Menanggapi hal ini, JPU menegaskan bahwa surat dakwaan telah dikirim ke Rutan dan diserahkan kepada para terdakwa. Sementara untuk BAP, disarankan agar pihak kuasa hukum membuat permohonan resmi ke Kejari. Majelis Hakim juga menguatkan pernyataan JPU, bahwa prosedur permintaan BAP bukan lagi menjadi ranah persidangan, melainkan melalui administrasi resmi kepada kejaksaan atau panitera.
Soal permohonan pengalihan status penahanan, Hakim Erven menyatakan belum memberikan tanggapan. “Kalau kami tanggapi, artinya sudah ada ketetapan. Sampai saat ini, proses tetap berjalan seperti biasa,” ujarnya.
Sidang ini juga mendapat perhatian dari masyarakat sipil. Ketua Ajiackra Indonesia, Tri Hutomo, hadir memantau jalannya persidangan dan memberikan pernyataan penting kepada media. Ia menyatakan bahwa penindakan tambang ilegal merupakan bagian dari komitmen bersama dalam menjaga kelestarian lingkungan.
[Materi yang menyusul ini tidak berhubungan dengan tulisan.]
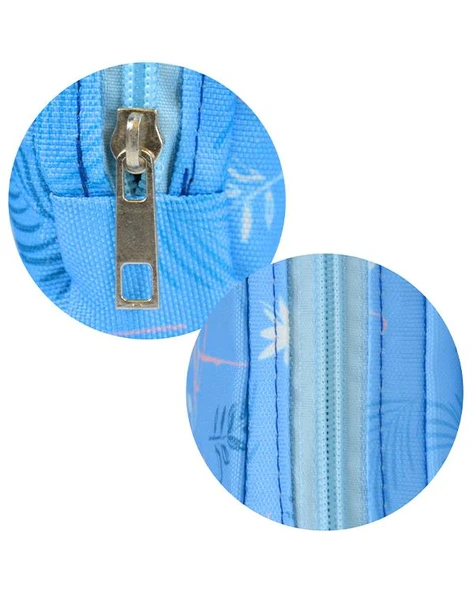 Temel Flamingo Desenli Turkuaz Tek Gözlü Kalem Çantası - 3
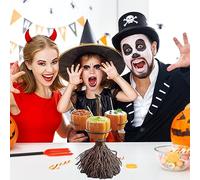 VBESTLIFE Porte-bol à Collation en Résine Citrouille, Bols d'halloween sur Balai avec 3/6 Tasses pour Servir des Collations, Décoration de Fête Intérieure et Extérieure (#1)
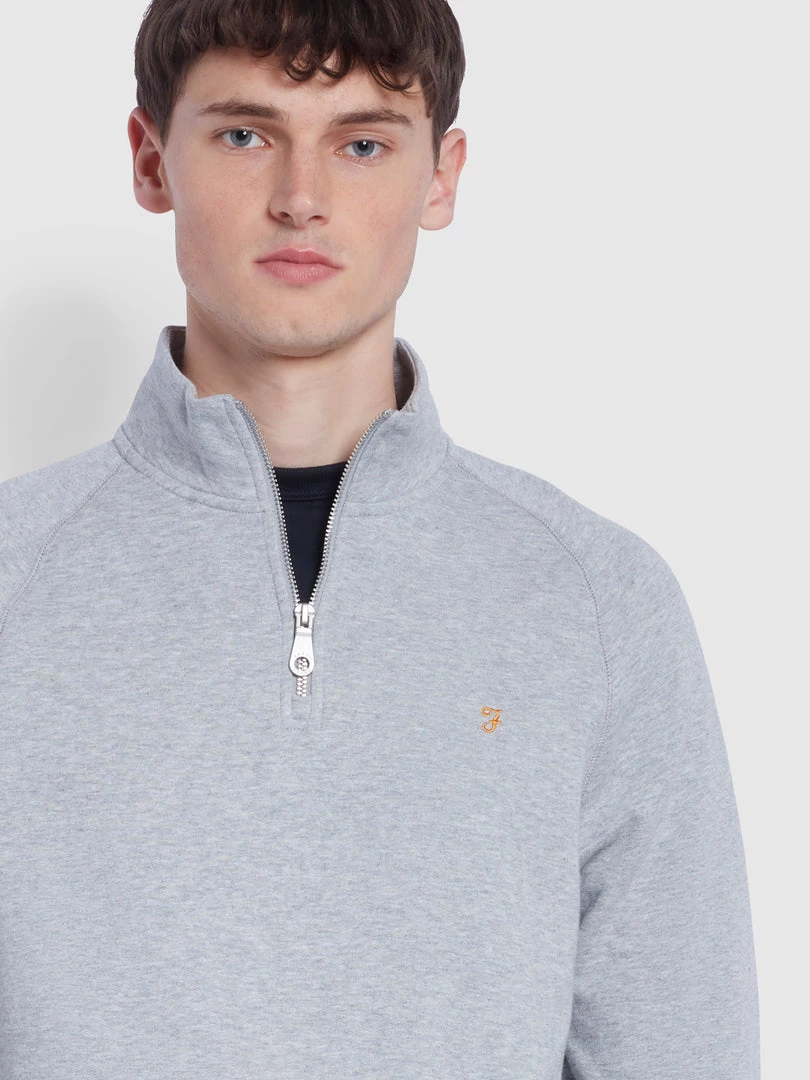 Farah Jim Organic Cotton Quarter Zip Sweatshirt In Light Grey Marl Jeans 5 Farah Jim Organic Cotton Quarter Zip Sweatshirt In Light Grey Marl Jeans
“Proses hukum ini kami pantau sebagai bentuk kontrol publik. Kami bersurat resmi ke PN Jepara dan mendapat tanggapan baik. Pemantauan ini penting untuk mencegah penyimpangan, menjaga kepercayaan publik, dan mendorong kualitas peradilan yang lebih baik,” tegas Tri.
Ia juga menekankan bahwa transparansi peradilan adalah hak sekaligus tanggung jawab masyarakat. Ajiackra Indonesia menurunkan tim pemantau yang bekerja secara tertutup namun sah, untuk memastikan jalannya proses hukum tidak menyimpang dari prinsip keadilan dan akuntabilitas.
Adapun sidang lanjutan akan digelar pada Selasa, 24 Juni 2025 dengan agenda pembacaan eksepsi dari pihak terdakwa. Publik menanti, apakah proses hukum ini akan mampu menjawab tuntutan keadilan bagi lingkungan dan masyarakat Jepara yang selama ini terdampak oleh maraknya tambang ilegal.
***
Sumber: ACI.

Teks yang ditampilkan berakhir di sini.